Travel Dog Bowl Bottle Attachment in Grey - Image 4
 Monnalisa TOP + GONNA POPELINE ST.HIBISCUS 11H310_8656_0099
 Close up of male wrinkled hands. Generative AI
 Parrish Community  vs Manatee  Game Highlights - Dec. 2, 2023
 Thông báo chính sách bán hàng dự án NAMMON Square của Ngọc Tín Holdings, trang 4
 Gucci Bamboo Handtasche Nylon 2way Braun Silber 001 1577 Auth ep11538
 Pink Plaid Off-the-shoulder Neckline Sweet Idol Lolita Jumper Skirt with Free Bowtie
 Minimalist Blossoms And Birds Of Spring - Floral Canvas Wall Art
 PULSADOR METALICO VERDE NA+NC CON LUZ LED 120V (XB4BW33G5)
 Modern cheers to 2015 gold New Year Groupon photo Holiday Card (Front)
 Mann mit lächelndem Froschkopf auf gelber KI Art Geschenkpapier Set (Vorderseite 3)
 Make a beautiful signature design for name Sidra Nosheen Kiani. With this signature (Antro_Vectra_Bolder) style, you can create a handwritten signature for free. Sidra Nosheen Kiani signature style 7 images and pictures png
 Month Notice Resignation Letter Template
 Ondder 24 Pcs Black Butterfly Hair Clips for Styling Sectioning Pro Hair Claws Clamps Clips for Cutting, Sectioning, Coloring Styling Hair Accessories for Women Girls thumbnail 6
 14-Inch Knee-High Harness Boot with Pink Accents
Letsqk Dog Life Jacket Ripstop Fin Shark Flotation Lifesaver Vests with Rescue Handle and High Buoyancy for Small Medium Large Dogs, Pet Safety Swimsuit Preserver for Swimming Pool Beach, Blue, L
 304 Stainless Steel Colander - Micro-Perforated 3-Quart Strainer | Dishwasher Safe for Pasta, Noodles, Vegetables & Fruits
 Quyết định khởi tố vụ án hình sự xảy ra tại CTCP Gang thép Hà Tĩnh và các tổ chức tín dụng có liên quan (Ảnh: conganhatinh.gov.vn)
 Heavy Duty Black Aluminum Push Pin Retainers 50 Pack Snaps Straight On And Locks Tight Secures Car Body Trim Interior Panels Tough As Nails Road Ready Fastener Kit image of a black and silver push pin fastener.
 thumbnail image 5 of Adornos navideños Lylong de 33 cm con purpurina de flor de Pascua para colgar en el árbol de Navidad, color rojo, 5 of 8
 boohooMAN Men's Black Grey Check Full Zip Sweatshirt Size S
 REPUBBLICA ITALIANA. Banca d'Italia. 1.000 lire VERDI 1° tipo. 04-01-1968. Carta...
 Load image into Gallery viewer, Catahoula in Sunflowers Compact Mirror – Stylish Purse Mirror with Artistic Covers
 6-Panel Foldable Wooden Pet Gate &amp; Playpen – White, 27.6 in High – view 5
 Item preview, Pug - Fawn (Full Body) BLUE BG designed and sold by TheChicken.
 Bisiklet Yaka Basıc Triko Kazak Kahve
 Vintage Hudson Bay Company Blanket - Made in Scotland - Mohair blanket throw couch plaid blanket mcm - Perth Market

----

**EXERCISE AIM**
Copy out the lines from the line containing "Load image into" to the end of the listing above, without alteration.

**ANSWER AREA**
 Load image into Gallery viewer, Catahoula in Sunflowers Compact Mirror – Stylish Purse Mirror with Artistic Covers
 6-Panel Foldable Wooden Pet Gate &amp; Playpen – White, 27.6 in High – view 5
 Item preview, Pug - Fawn (Full Body) BLUE BG designed and sold by TheChicken.
 Bisiklet Yaka Basıc Triko Kazak Kahve
 Vintage Hudson Bay Company Blanket - Made in Scotland - Mohair blanket throw couch plaid blanket mcm - Perth Market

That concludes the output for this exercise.